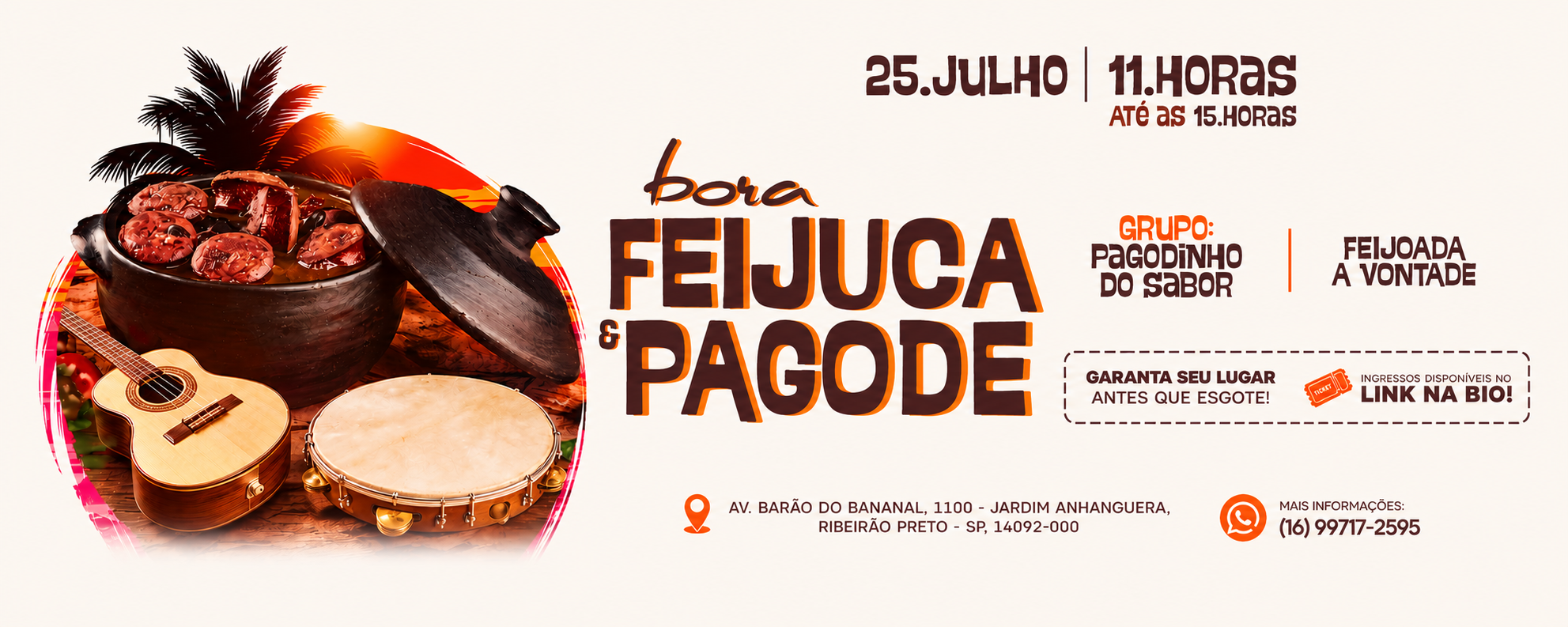 Bora de FEIJUCA & PAGODE - Ribeirão Preto, SP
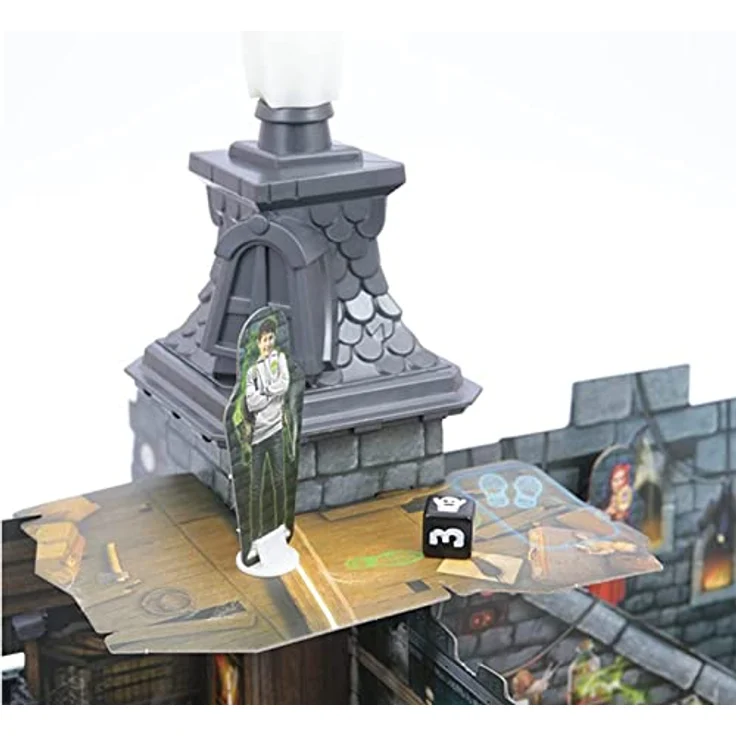 Giochi Preziosi GHT01000 Brettspiel Reisen/Abenteuer, 3D Burg mit Fallen und Geheimgängen, spannendes Partyspiel – Bild 3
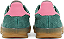ADIDAS GAZELLE INDOOR ' COLLEGIATE GREEN PINK ' - Imagem 3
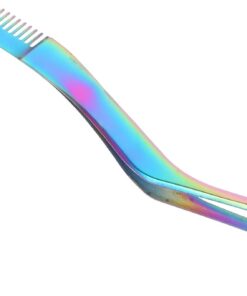 VALICLUD Pince à Épiler Élégant en Acier Inoxydable Peigne Intégré Outil Professionnel pour Ajustement Précis pour Extensions de Cils des Faux Cils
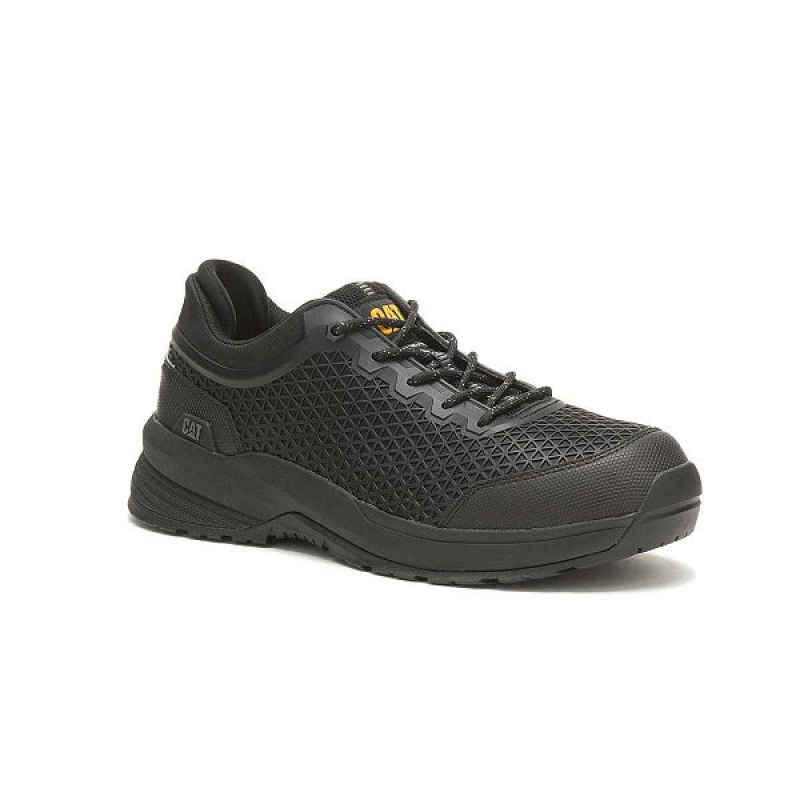 Men's Caterpillar Streamline 2.0 Composite Toe Work Shoes Black | 817564-IHQ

───

(Task to complete) Starting at the top of the listing above, reproduce each line up to and including the one with "ADIDAS GAZELLE INDOOR"; omit the pictures.

(Task result)
 Bora de FEIJUCA & PAGODE - Ribeirão Preto, SP
 Giochi Preziosi GHT01000 Brettspiel Reisen/Abenteuer, 3D Burg mit Fallen und Geheimgängen, spannendes Partyspiel – Bild 3
ADIDAS GAZELLE INDOOR ' COLLEGIATE GREEN PINK ' - Imagem 3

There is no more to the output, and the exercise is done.